Por: Julio Bárbaro
Un término antiguo que se fue vaciando de sentido, que no pudo conquistar un nuevo significado y que hace tiempo perdió el original. Se refería a una etapa de la juventud, al tiempo donde el romanticismo convocaba a la entrega, donde todavía se enfrentaba la tentación del egoísmo y se luchaba por un mundo mejor. La militancia era una manera de transitar la vida pensando –principalmente- en los demás. Era sentirse dueño de un bagaje ideológico digno de enamorar al resto de la humanidad. Hay muchos que transitan esos sueños en el mundo religioso y tocados por la fe salen a difundir su verdad. Militante era ese que se sentía dueño de un mensaje para difundir; era un habitante de la utopía, un dueño de los sueños siempre cercano a la misma demencia o al menos a ser sospechado de habitarla.
Eran tiempos de grandes transformaciones o al menos, de difusión de la esperanza en lo nuevo. Tiempos del Mayo en París y del Cordobazo, etapas donde uno pertenecía principalmente al club de las ideas, desde la pasión de los trotskistas hasta la misteriosa pertenencia al Partido Comunista y luego los curas del tercer mundo para que los católicos no nos sintiéramos menos. Siempre recuerdo que la seducción veinteañera se iniciaba con la eterna pregunta”¿en qué grupo militas?” y uno explicaba orgulloso sus pasiones y sus lecturas, su pertenencia y sus imposibles. Tiempos donde se seducía con la ideología, cosa que ahora se suele atravesar con el horóscopo y la música.
El marxismo tuvo mucha presencia en nuestras vidas. Aún en la de aquellos que no lo asumimos como guía, su peso abarcaba buena parte del tiempo de nuestros diálogos. Había aparecido un libro, “Diálogo de la época: católicos y marxistas”, que evocaban las palabras de mi amigo el Padre Carlos Mujica: “Lo importante no es si existe o no existe el Cielo, lo importante es que debemos terminar con este infierno”. Enfrentábamos a la cúpula de la Iglesia, a la dictadura que nos gobernaba, a misma Universidad en la que estudiábamos.
Personajes de “La condición humana” de André Malraux en la novela; en el cine, “La Batalla de Argelia” de Gillo Pontecorvo o la humildad de Marcelo Mastroianai en “I Compagni”: la novela, el cine y la vida nos imponían ejemplos de quienes se sentían portadores de una profecía.
De aquellos militantes ninguno se hizo rico, se desclasó, terminó su vida mezclado entre la clase social de los triunfadores. Sus sueños no se hicieron realidad pero eso no impidió que siguieran luchando por conservar su coherencia. Algunos nos van dejando con el paso del tiempo, otros se fueron en manos de los represores pero, todos fueron exigentes con sus propias conductas, cultores de la solidaridad, de esa forma de vida que habían elegido transitar.
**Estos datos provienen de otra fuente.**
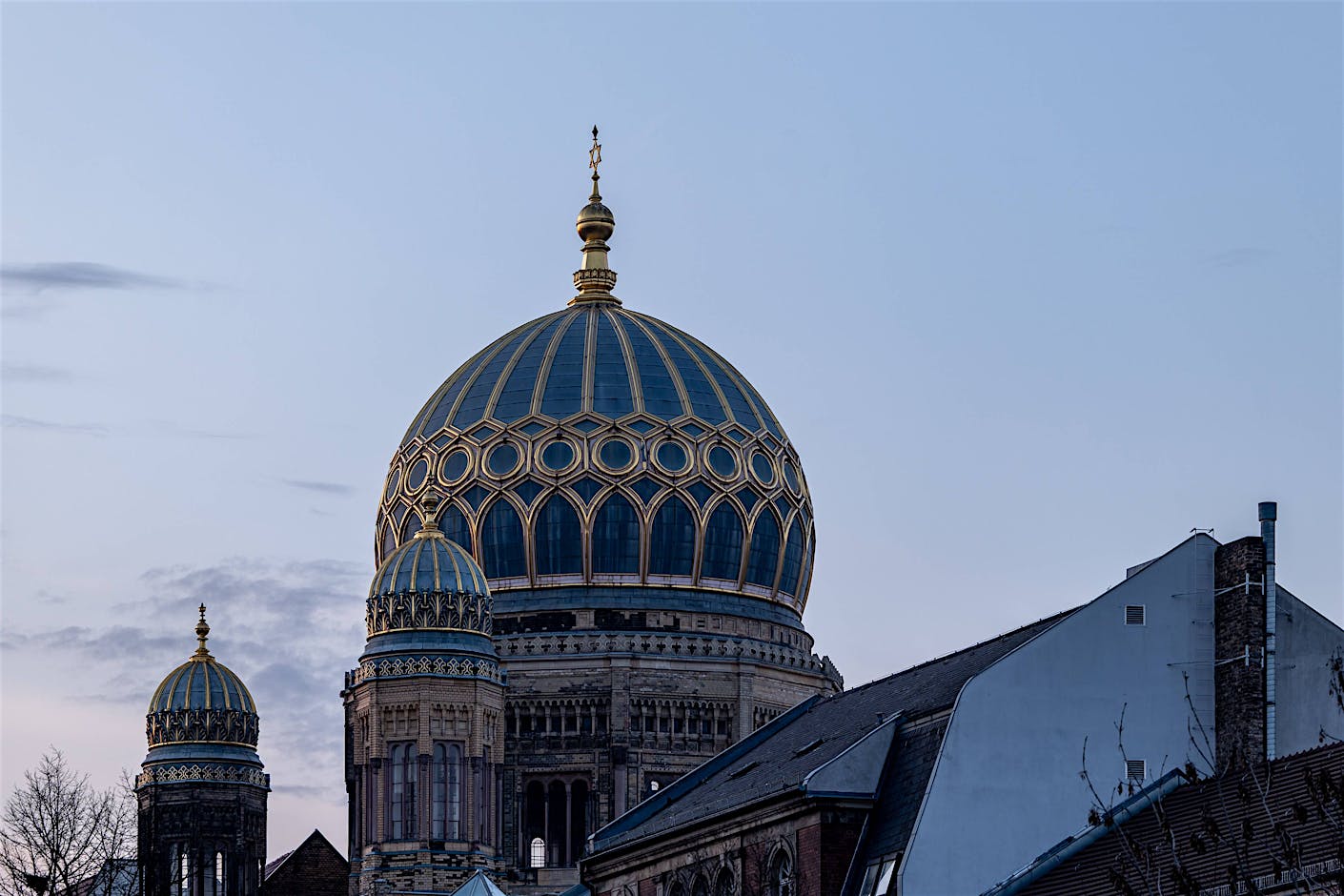 “كان الشيطان في رأسي”.. شاب سوري يعترف أمام القضاء الألماني بتخطيط هجوم إرهابي في برلين – عكس السير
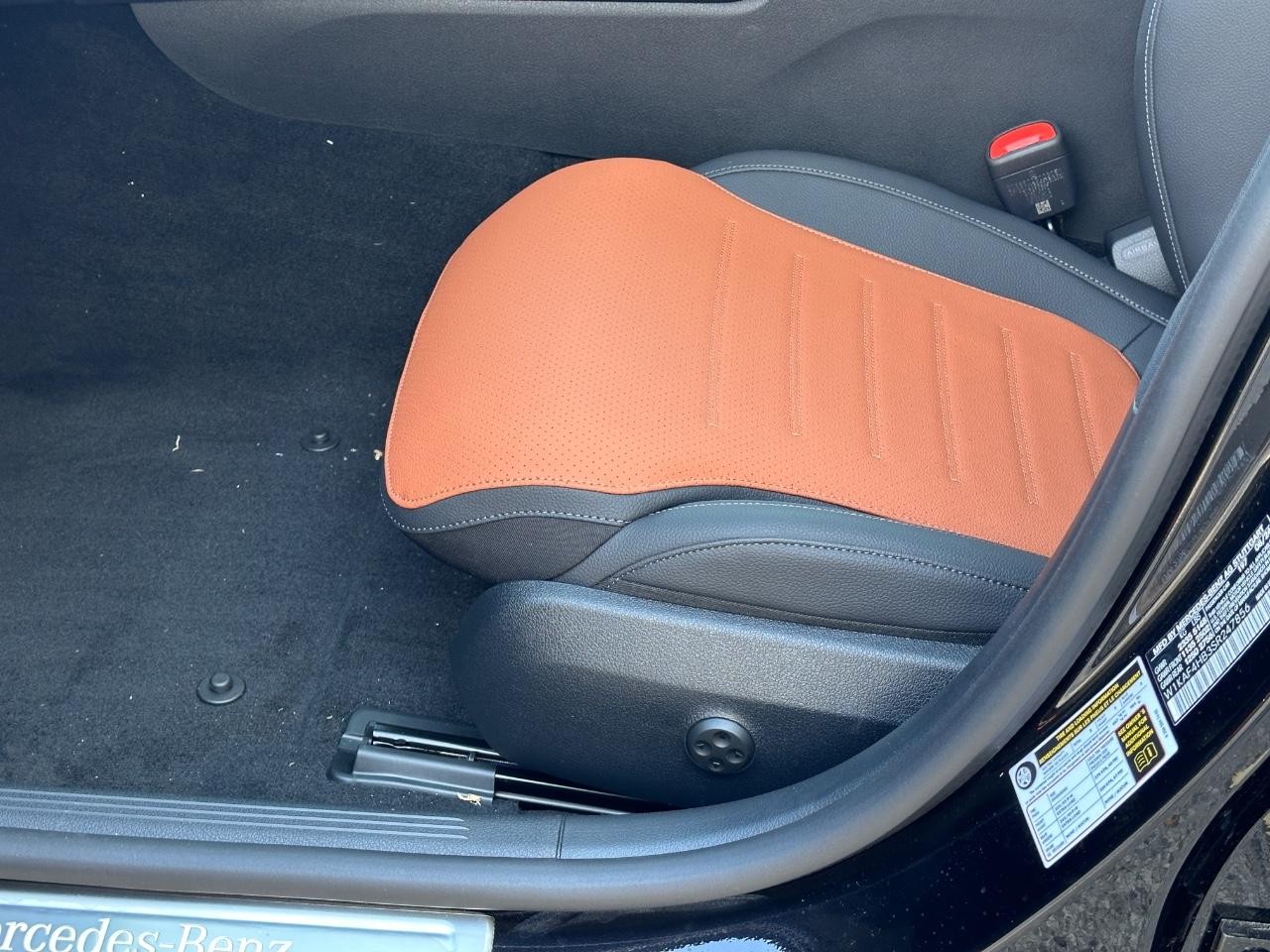 Mercedes-Benz C-Class Vehicle Full-screen Gallery Image 20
Decididos a ser, esencialmente, buenas personas.
Algunos confunden aquellos sueños con las pasiones de la hinchadas de fútbol, creen que es lo mismo militar que “defender los trapos”. La militancia es una pertenencia que se realiza en el sueño de universalizar las propias convicciones, de sentirse forjador de un “hombre nuevo”. Es la idea la que engendra la pasión. Surge del desafío de grandeza que nace del amor al semejante, suele agonizar en el resentimiento de los violentos y los fanáticos. En el prólogo de “Retrato del aventurero” Sartre desarrolla la relación entre el aventurero y el militante.
Nuestra militancia se llevó muchas vidas, demasiadas, sin dejarnos siquiera portadores de esa sabiduría que el “Pepe” Mujica supo forjar para unir a su pueblo, para convertir el dolor del pasado en abrazo y triunfo político de hoy. Parecido fue Lula en Brasil y la actual Presidenta de Chile. Nosotros nos quedamos sin autocritica y en consecuencia seguimos teniendo el pasado en discusión, con mucho resentimiento pero sin suficientes ejemplos de vida militante dignos de ser imitados.
Si, como dicen algunos, en las elecciones ha triunfado la derecha, es hora de que se hagan cargo de los enormes errores de esas supuestas izquierdas, de esa caterva de fanáticos resentidos que sólo logran inventando enemigos forjar los rasgos de su propia identidad.
Los militantes eran soñadores y a los sueños, la ambición y el resentimiento los convierte en pesadilla. No hay militantes sin utopías. Aprendamos a no utilizar su nombre para disfrazar intereses. La memoria de los militantes merece respeto, sintamos la obligación de ejercerlo.